AbsaOSS / enceladus

Dynamic Conformance Engine
Apache License 2.0
29 stars 14 forks source link

Std/Conf/Std+Conf jobs cannot be run twice as a lib #2165

Closed dk1844 closed 1 year ago

dk1844 commented 1 year ago

Describe the ~bug~ problem

Current implementation of Enceladus Spark jobs internally uses Atum's initialization and does not explicitly disable Atum's control measurement tracking, because it relies on the implied disable routine with Spark session being ended.

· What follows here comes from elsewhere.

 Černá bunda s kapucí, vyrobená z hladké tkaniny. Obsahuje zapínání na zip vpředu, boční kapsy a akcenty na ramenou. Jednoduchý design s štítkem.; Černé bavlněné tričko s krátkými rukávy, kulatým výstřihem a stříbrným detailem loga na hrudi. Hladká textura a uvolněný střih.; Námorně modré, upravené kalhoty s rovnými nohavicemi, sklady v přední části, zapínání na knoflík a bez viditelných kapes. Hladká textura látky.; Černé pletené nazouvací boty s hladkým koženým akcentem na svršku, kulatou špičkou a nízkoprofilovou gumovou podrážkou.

However, if one of these sparkjobs is ran from other code (library-like), Atum's disabling of the CM tracking is not called and Control framework tracking is already initialized. exception is raised.

To Reproduce

Steps to reproduce the behavior OR commands run:

  1. run StandardizationJob.main() from other code more than once.
  2. See error Control framework tracking is already initialized.

Expected behavior

Running sparkjobs multiple times from other code should work.

Additional context

If this way of using is to be supported, explicit spark.disableControlMeasuresTracking() for Atum must be called at the end of all Enceladus SparkJobs

Temporary Workaround

Until fixed and released, when using Enceladus spark jobs in this as-a-library fashion, one can explicitly call

spark.disableControlMeasuresTracking()

between individual jobs.

benedeki commented 1 year ago

I am not sure it's a bug, rather an improvement (after all, it was never intended to run this way), but we can keep the designation... 😉